- [Work task]:
Without the pictures, give the records again exactly as they appear.

- [Source records]:
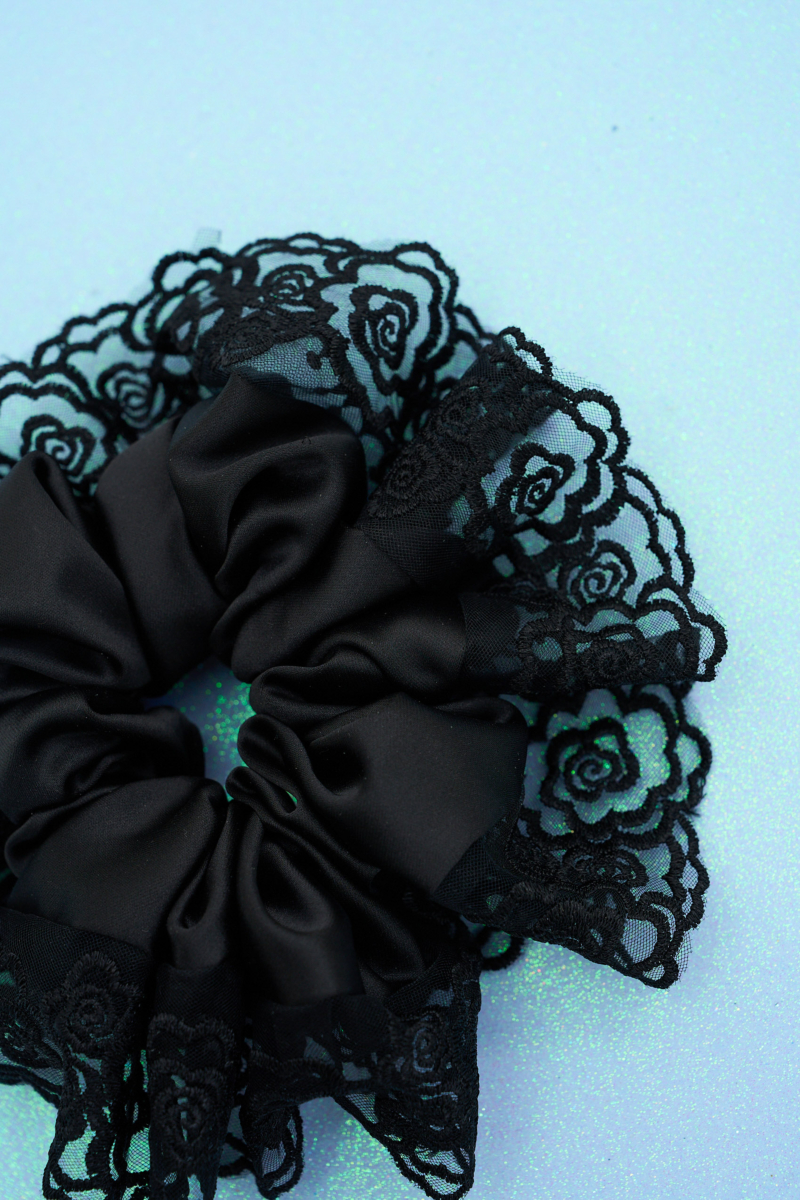 SCRUNCHIE SALLY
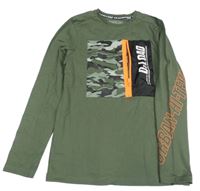 Khaki triko s nápisy a army potiskem a kapsou C&A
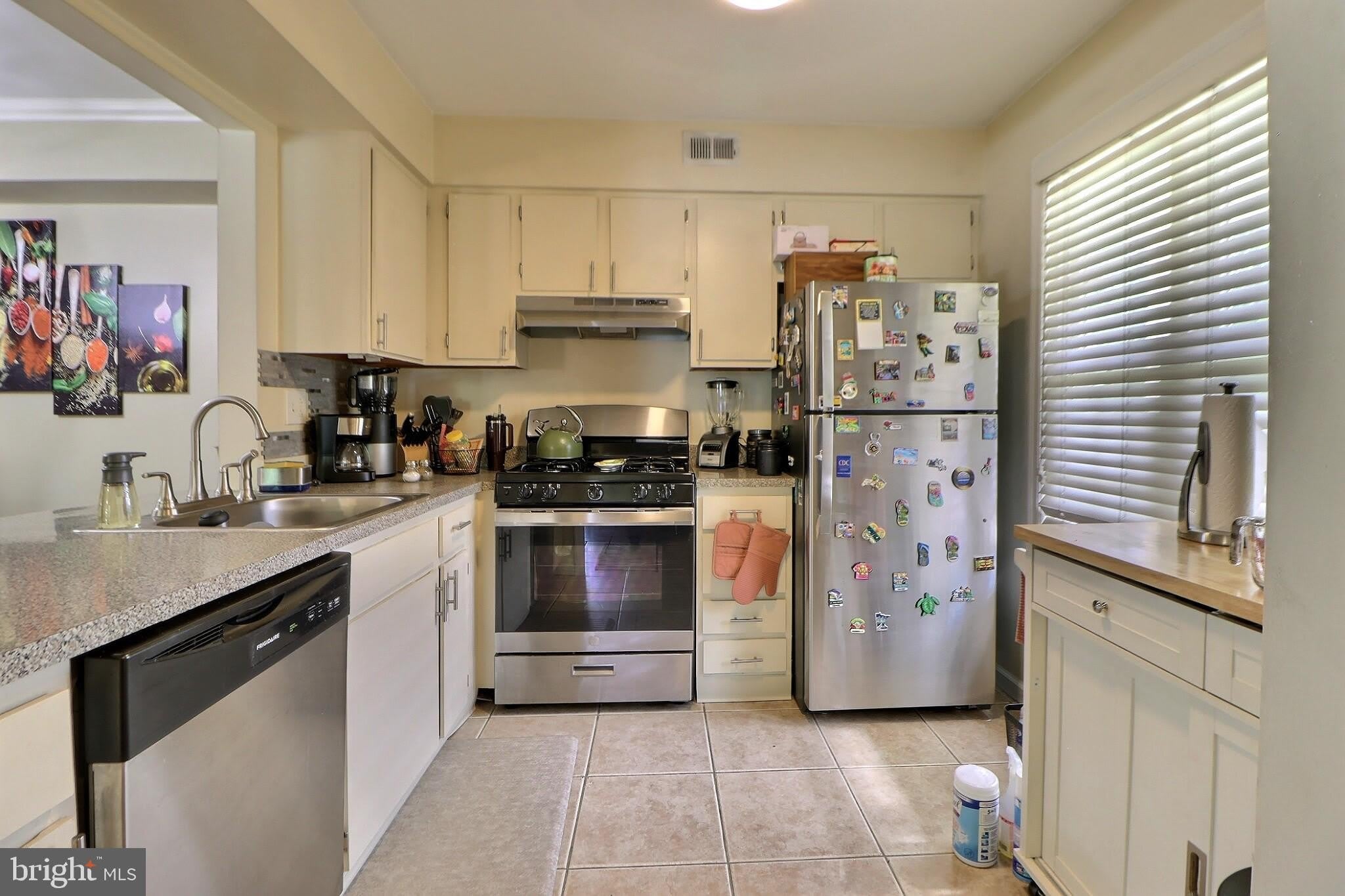 1807-A SEDGEFIELD Drive – photo 4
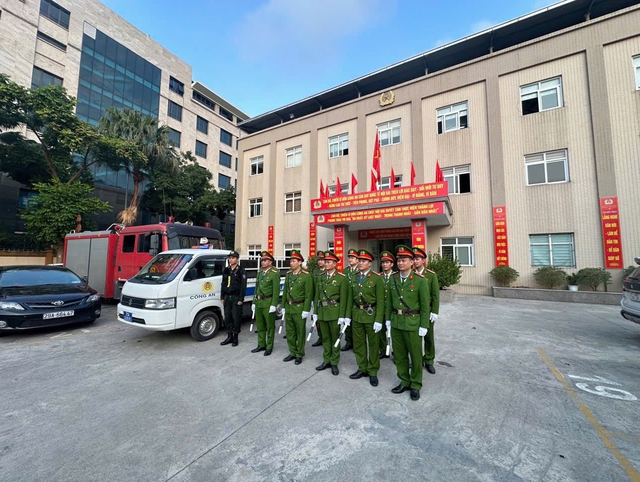 Công an Sân bay Nội Bài bảo đảm an ninh, trật tự tuyệt đối phục vụ Đại hội XIV của Đảng- Ảnh 1.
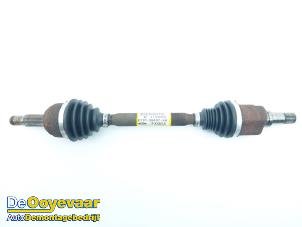 Gebruikte Steekas links-voor Ford Transit Courier 1.5 TDCi 75 Prijs € 125,00 Margeregeling aangeboden door Autodemontagebedrijf De Ooyevaar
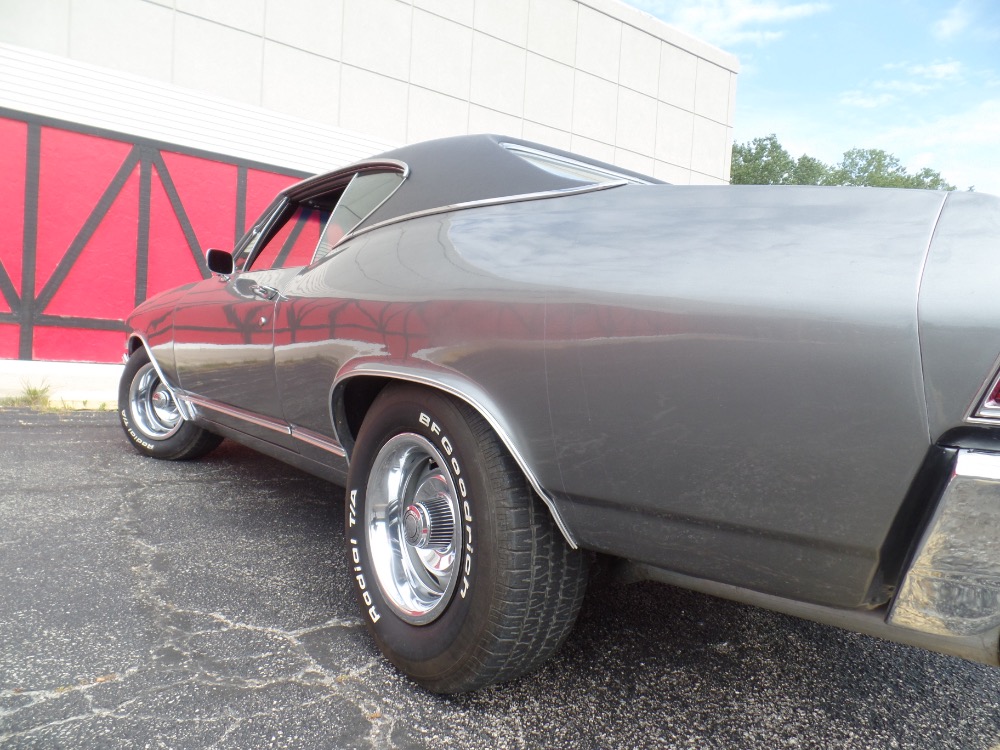 Used 1968 Chevrolet Chevelle CORTEZ SILVER-NEW PAINT | Mundelein, IL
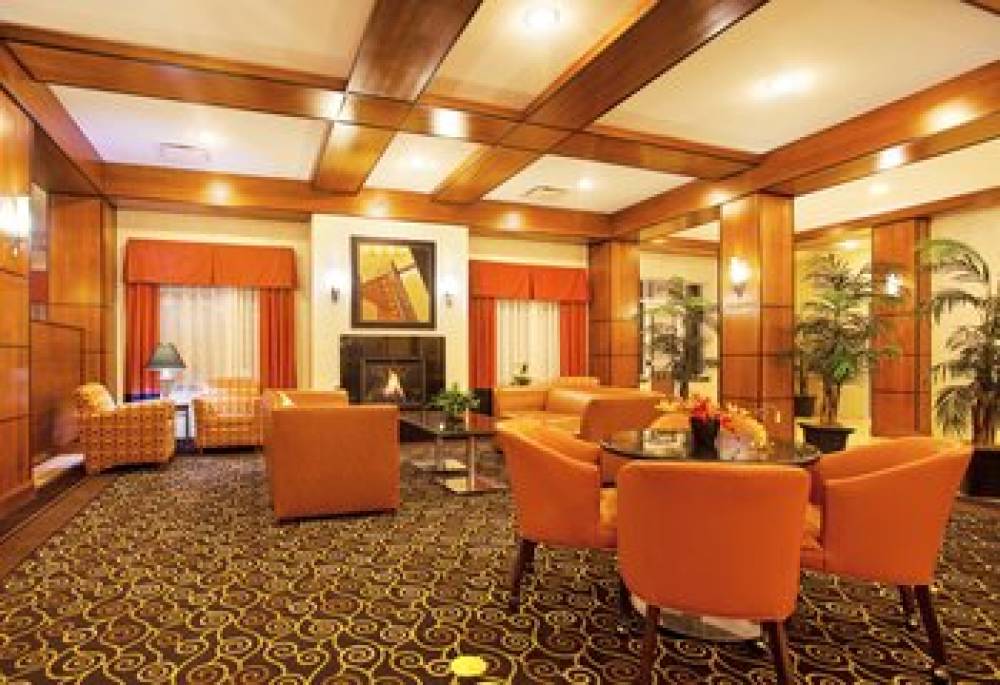 Holiday Inn BATTLE CREEK 8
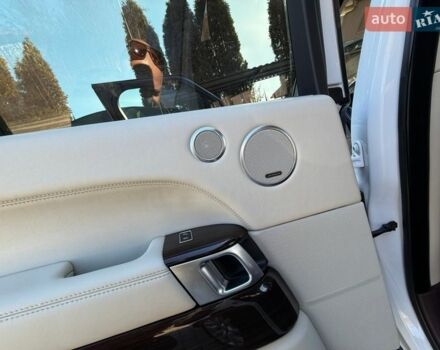 Белый Ленд Ровер Рендж Ровер, объемом двигателя 4.37 л и пробегом 278 тыс. км за 32999 $, фото 66 на Automoto.ua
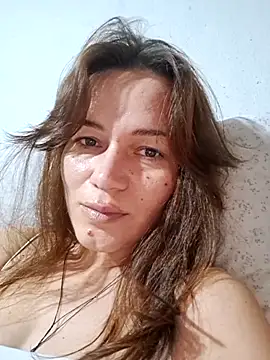 Belladonna253 online show from December 18, 2025, 9:54 pm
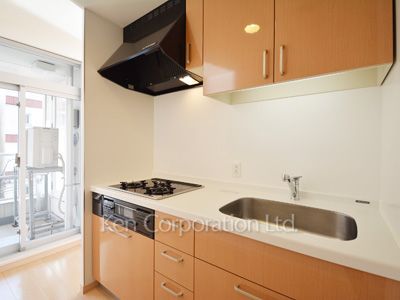 Kitchen ※Photo of the same layout on 3 floor. Decoration and fixture may differ.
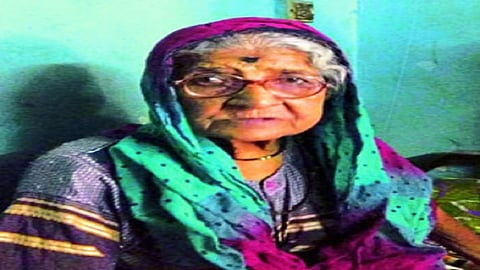 parvati aaji.jpg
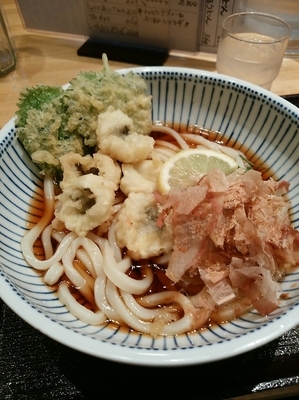 「ハモと大葉の天ぷらぶっかけ（冷）780円」@讃岐ぶっかけやの写真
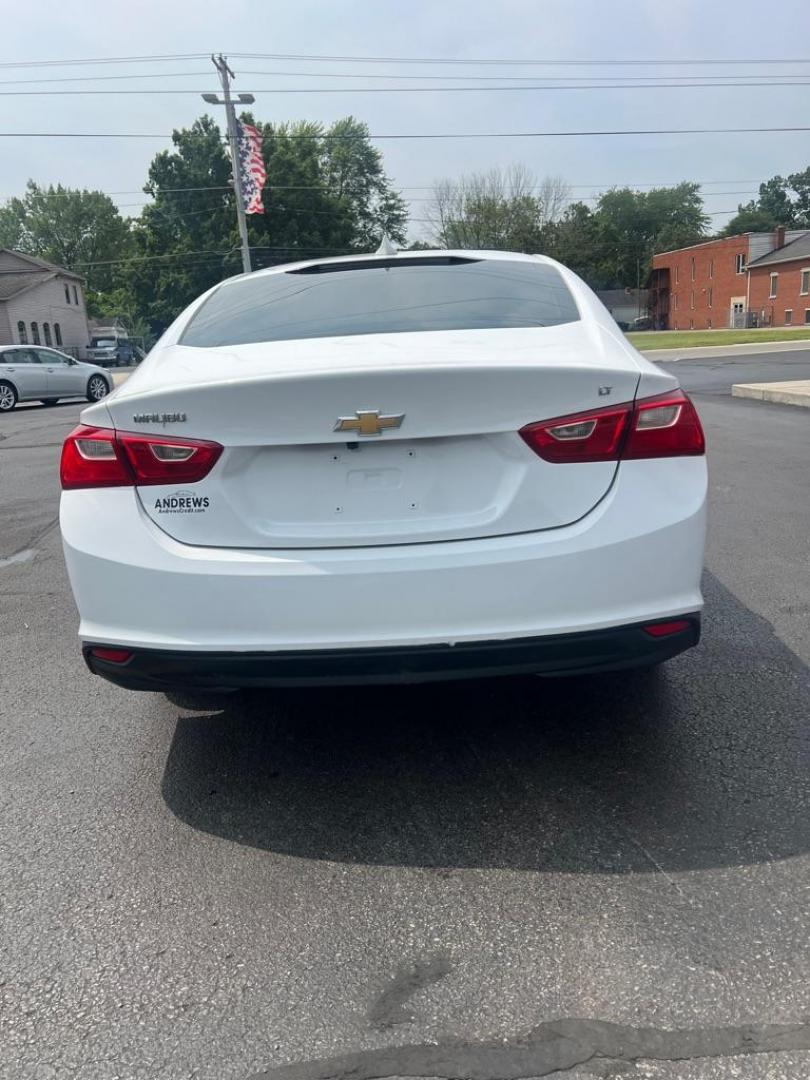 2017 WHITE CHEVROLET MALIBU LT (1G1ZE5ST1HF) with an 1.5L engine, Automatic transmission, located at 3100 Covert Avenue, Evansville, IN, 47714, (812) 473-4492, 37.955418, -87.512238 - Photo#4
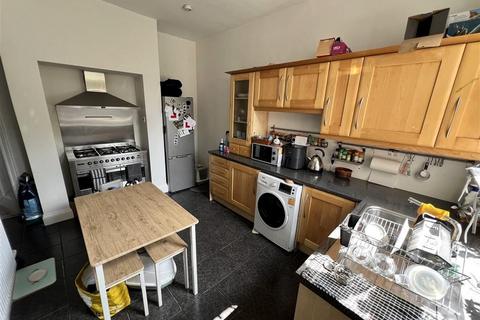 2 bedroom terraced house for sale, Maltkiln Lane, Castleford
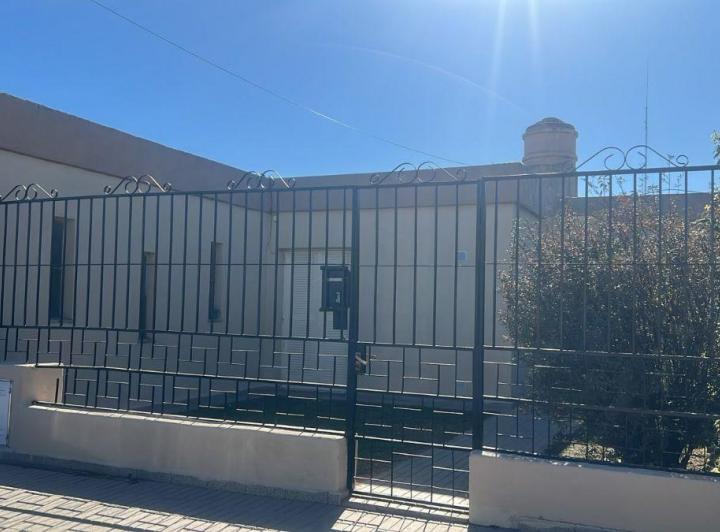 Casa · 120m² · 4 Ambientes · 2 Cocheras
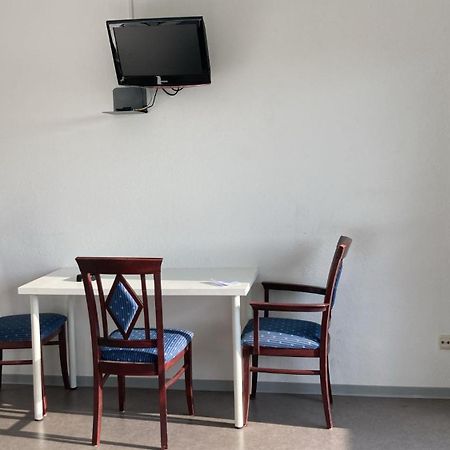 Pension Highway 3 Bielefeld Bagian luar foto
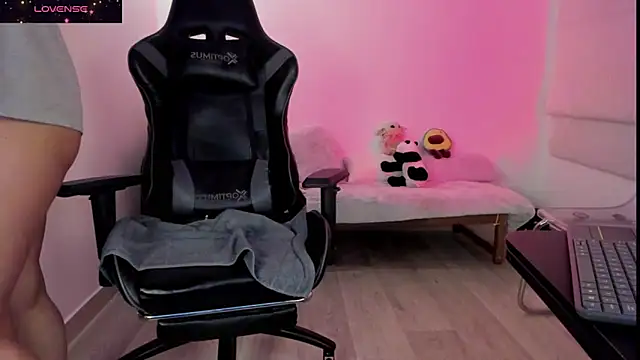 Biancastrongg online show from 11-12-25, 03:51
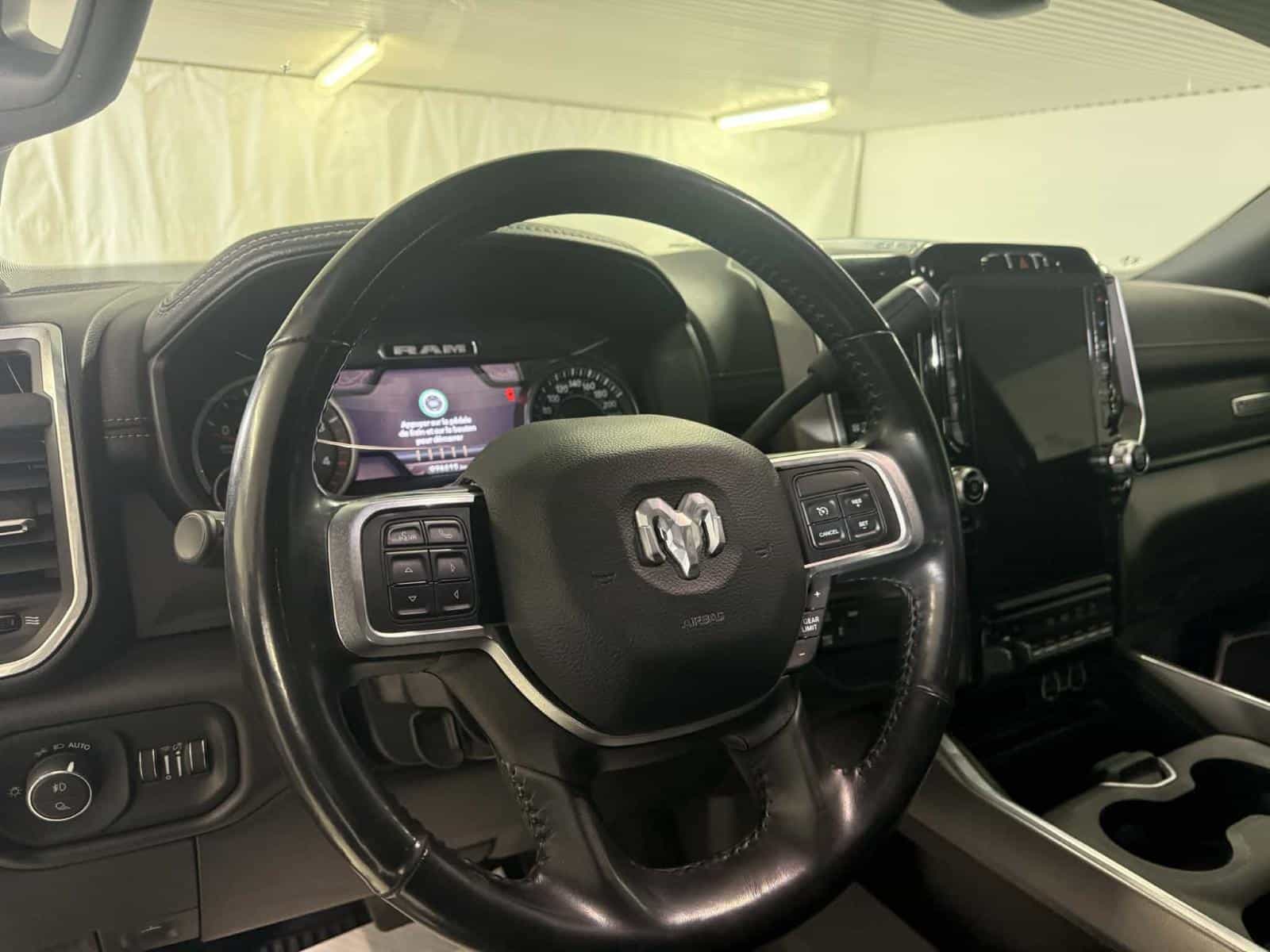 2022 RAM 2500 Laramie - Image 10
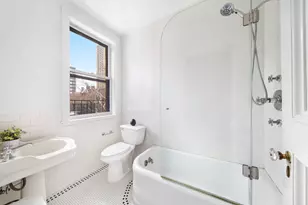 132 E 19th St, New York City, NY 10003 - Photo 8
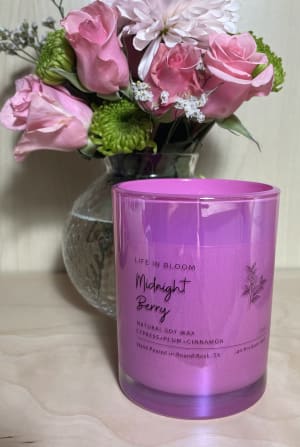 Midnight Berry 6.5 oz soy candle berry lux Flower Bouquet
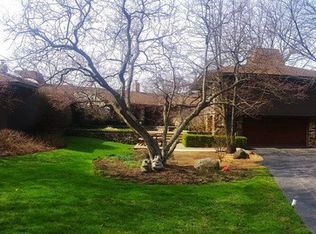 1001 Cherry Valley Rd, Bull Valley, IL 60050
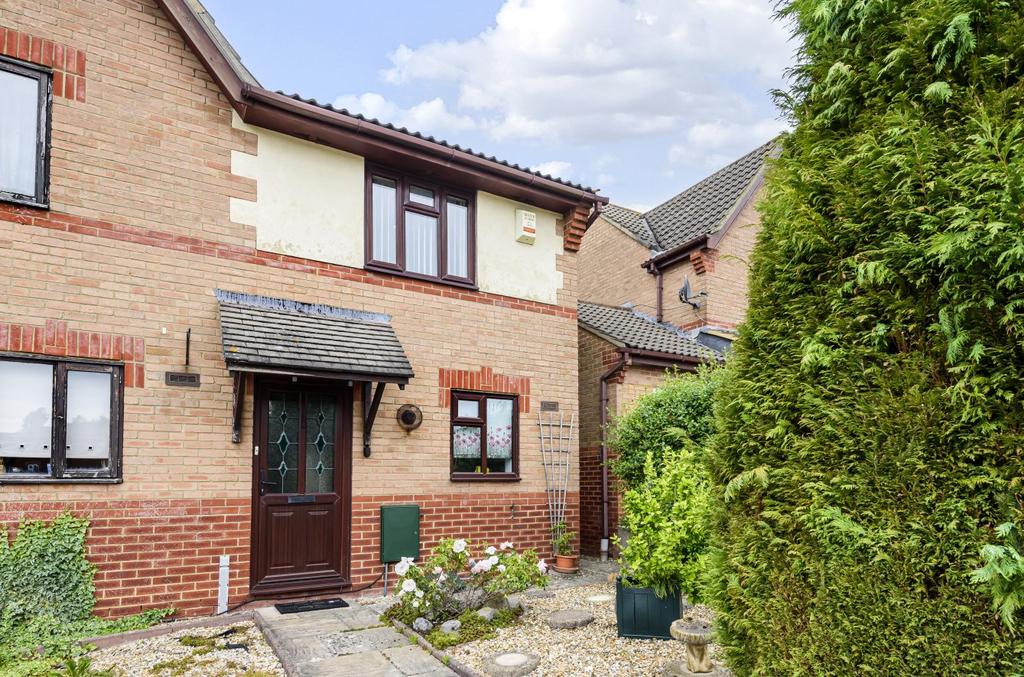 Hillbourne Close, Warminster, BA12 2 bed semidetached house £235,000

- [Task output]:
 SCRUNCHIE SALLY
 Khaki triko s nápisy a army potiskem a kapsou C&A
 1807-A SEDGEFIELD Drive – photo 4
 Công an Sân bay Nội Bài bảo đảm an ninh, trật tự tuyệt đối phục vụ Đại hội XIV của Đảng- Ảnh 1.
 Gebruikte Steekas links-voor Ford Transit Courier 1.5 TDCi 75 Prijs € 125,00 Margeregeling aangeboden door Autodemontagebedrijf De Ooyevaar
 Used 1968 Chevrolet Chevelle CORTEZ SILVER-NEW PAINT | Mundelein, IL
 Holiday Inn BATTLE CREEK 8
 Белый Ленд Ровер Рендж Ровер, объемом двигателя 4.37 л и пробегом 278 тыс. км за 32999 $, фото 66 на Automoto.ua
 Belladonna253 online show from December 18, 2025, 9:54 pm
 Kitchen ※Photo of the same layout on 3 floor. Decoration and fixture may differ.
 parvati aaji.jpg
 「ハモと大葉の天ぷらぶっかけ（冷）780円」@讃岐ぶっかけやの写真
 2017 WHITE CHEVROLET MALIBU LT (1G1ZE5ST1HF) with an 1.5L engine, Automatic transmission, located at 3100 Covert Avenue, Evansville, IN, 47714, (812) 473-4492, 37.955418, -87.512238 - Photo#4
 2 bedroom terraced house for sale, Maltkiln Lane, Castleford
 Casa · 120m² · 4 Ambientes · 2 Cocheras
 Pension Highway 3 Bielefeld Bagian luar foto
 Biancastrongg online show from 11-12-25, 03:51
 2022 RAM 2500 Laramie - Image 10
 132 E 19th St, New York City, NY 10003 - Photo 8
 Midnight Berry 6.5 oz soy candle berry lux Flower Bouquet
 1001 Cherry Valley Rd, Bull Valley, IL 60050
 Hillbourne Close, Warminster, BA12 2 bed semidetached house £235,000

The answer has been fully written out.